“Apártate de mí, Señor, que soy un pecador.” (Lc 5,8)
Los ángeles y los hombres, criaturas inteligentes y libres, deben caminar hacia su destino último por elección libre y amor de preferencia. Por ello pueden desviarse. De hecho pecaron. Y fue así como el mal moral entró en el mundo, incomparablemente más grave que el mal físico. Dios no es de ninguna manera, ni directa ni indirectamente, la causa del mal moral, (cf S. Agustín, lib. 1,1,1; S. Tomás de A., s.th. 1-2, 79,1). Sin embargo, lo permite, respetando la libertad de su criatura, y, misteriosamente, sabe sacar de él el bien.
Así, con el tiempo, se puede descubrir que Dios, en su providencia todopoderosa, puede sacar un bien de las consecuencias de un mal, incluso moral, causado por sus criaturas: “No fuisteis vosotros, dice José a sus hermanos, los que me enviasteis acá, sino Dios... aunque vosotros pensasteis hacerme daño, Dios lo pensó para bien, para hacer sobrevivir... un pueblo numeroso” (Gn 45,8; 50, 20; cf Tv 2, 12-18 Vg.).

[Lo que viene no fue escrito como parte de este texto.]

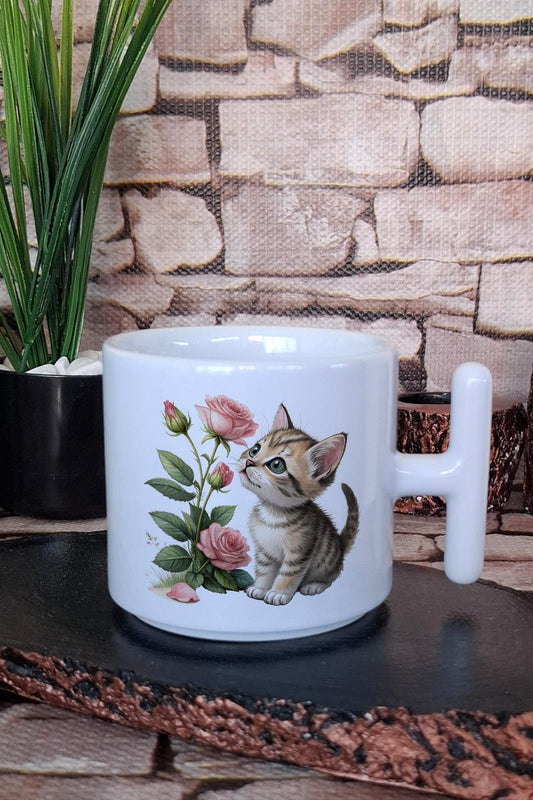 Sevimli Kedi Ve Çiçek Temalı Hediyelik Baskılı T Kulplu Latte Fincanı Kupa Bardak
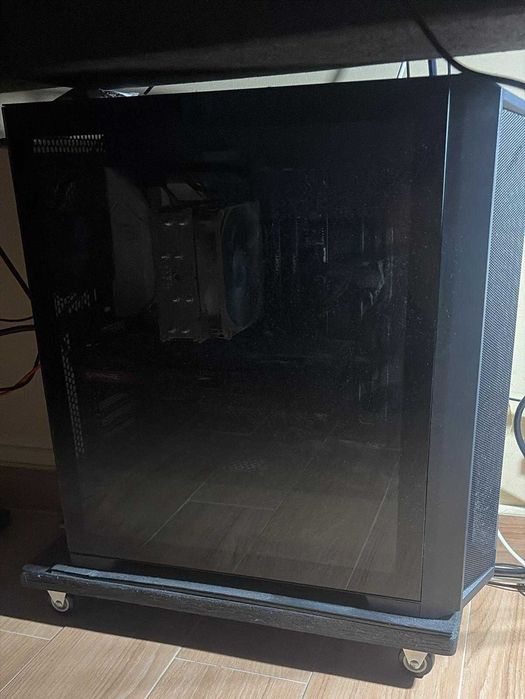 PC Gaming - AMD 5800X + AMD 7800XT 16GB ROM + 32GB RAM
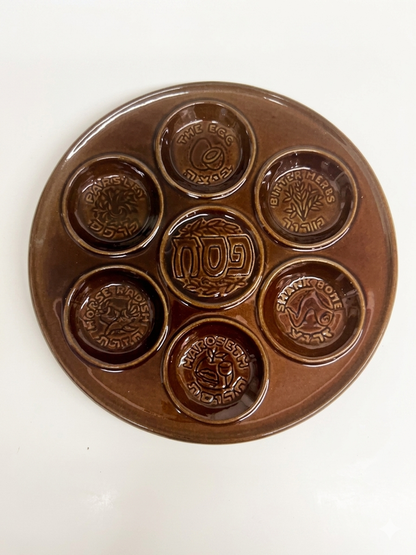 צלחת סדר פסח, כפר מנחם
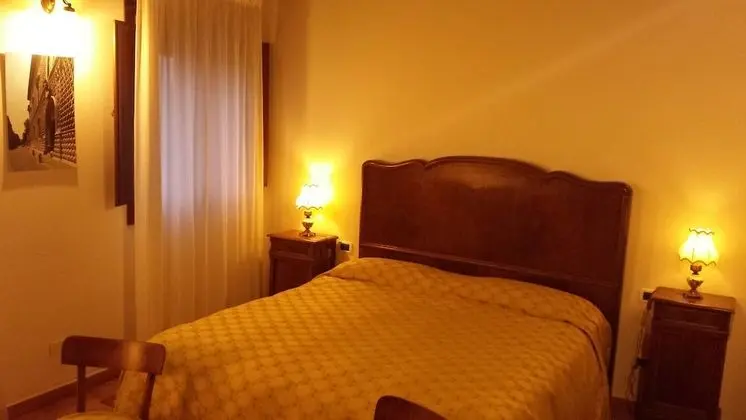 Büyük Yataklı Tek Kişilik Oda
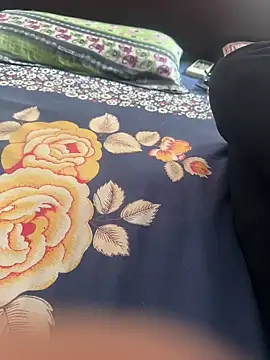 Snapshot of Indiangujjucpl chatting on 10.11.25 Indiangujjucpl online show from 10.11.25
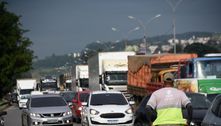 Caminhoneiros param em pontos isolados após governo negar greve 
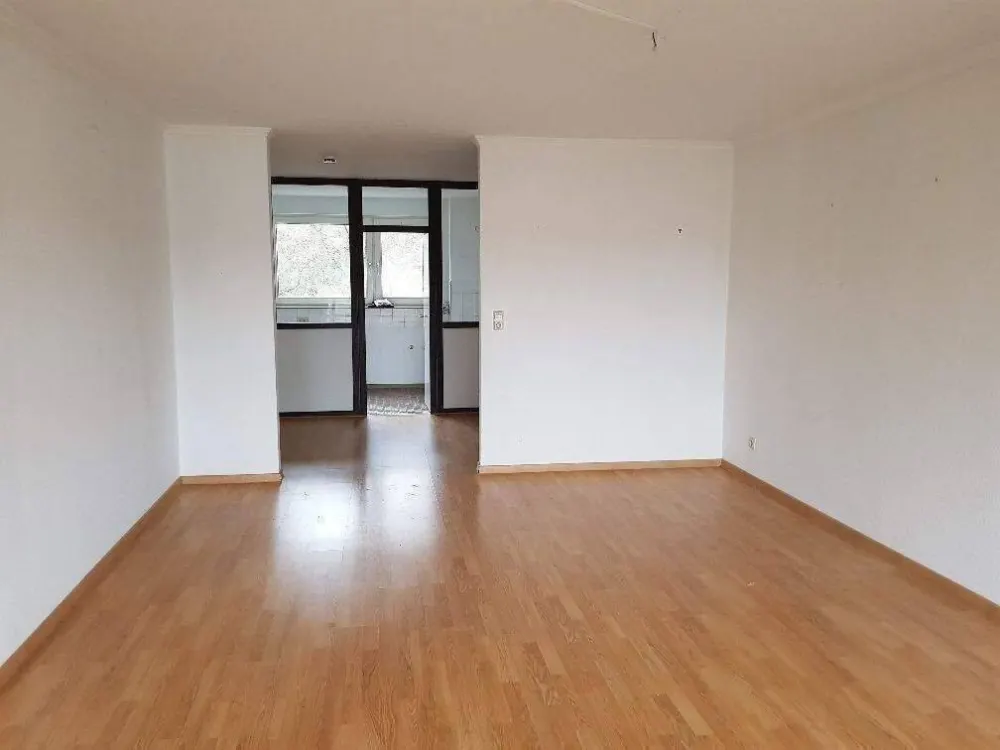 Mittelshuchting - helle 3 Zi.- Wohnung im 2.OG mit Balkon - in ruhiger Seitenstr. - neue Einbauküche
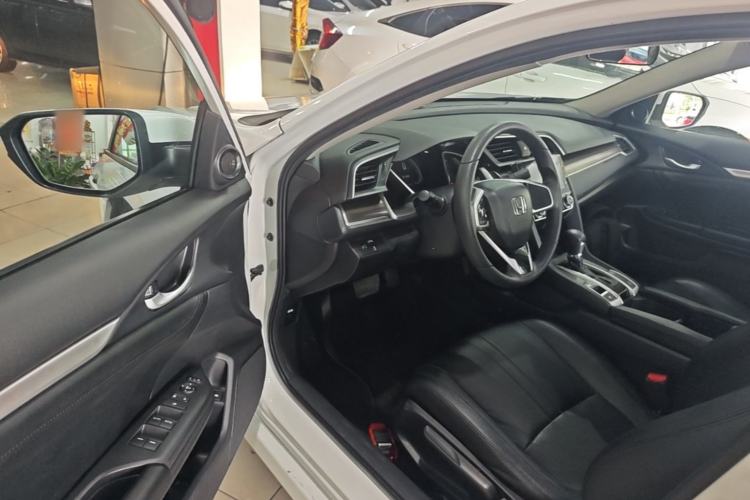 Used Honda Civic 2019 220TURBO CVT Dynamic Edition China VI Driver Seat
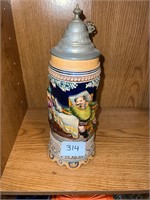 GERMAN BEER STEIN MUSIC BOX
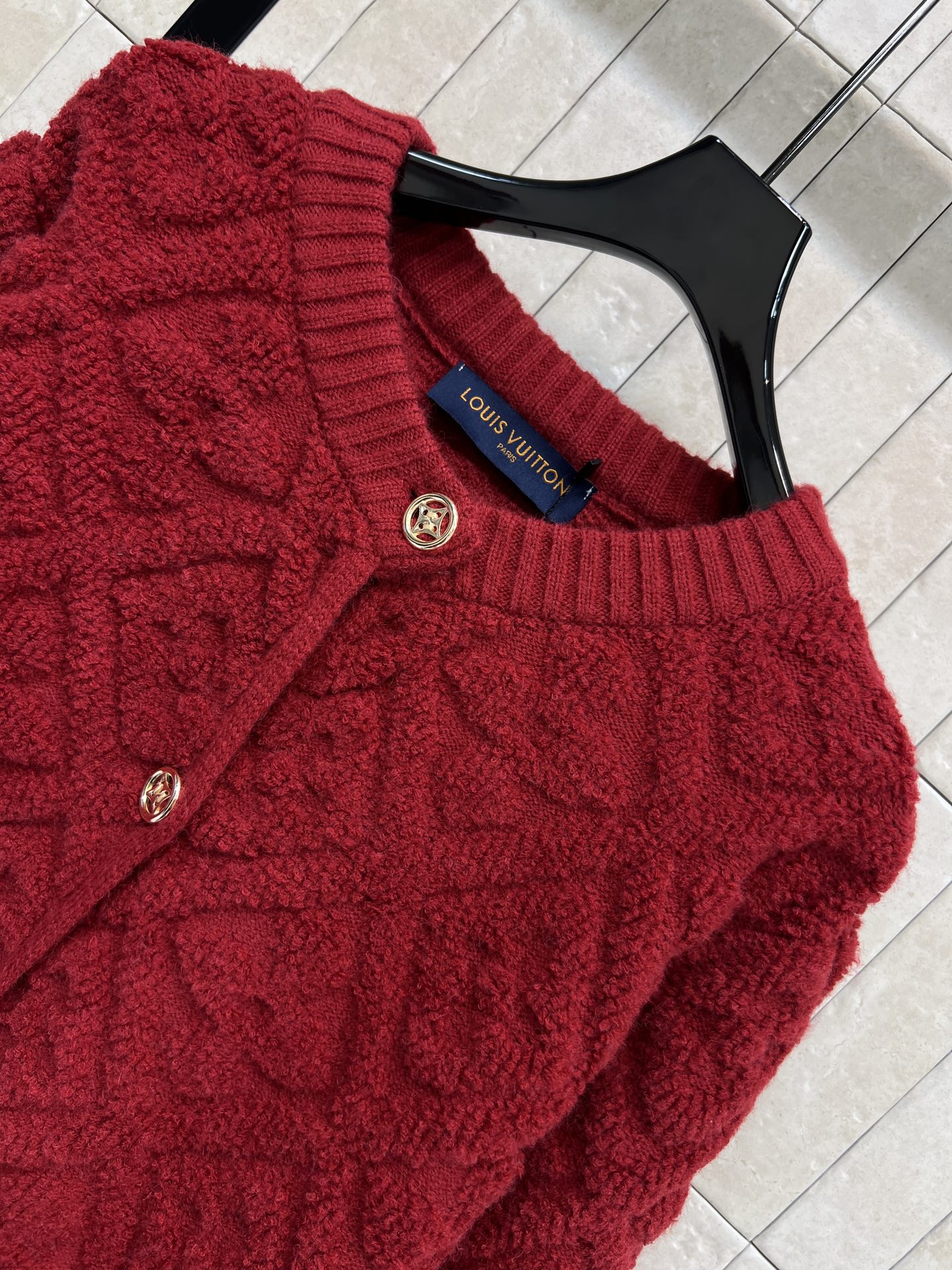 L家 25秋冬新款 新年限定 红色老花提花针织开衫 采用经典Monogram老花提花设计 羊毛纱线立体感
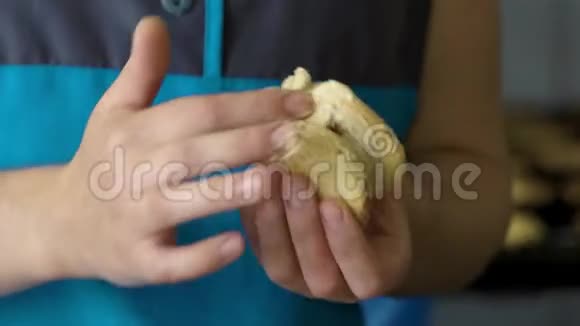 女士面包师加工饼干与奶油视频的预览图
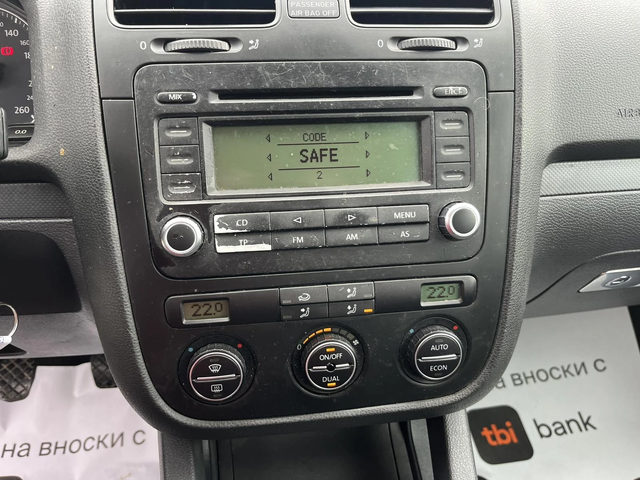 VW Golf 1.9TDI 105кс. КЛИМАТРОНИК АВТОПИЛОТ ВНОС ИТАЛИЯ - автомобили, коли, обяви за нови и употребявани 13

Del mayor mal moral que ha sido cometido jamás, el rechazo y la muerte del Hijo de Dios, causado por los pecados de todos los hombres, Dios, por la superabundancia de su gracia (cf Rm 5,20), sacó el mayor de los bienes: la glorificación de Cristo y nuestra redención. Sin embargo, no por esto el mal se convierte en un bien.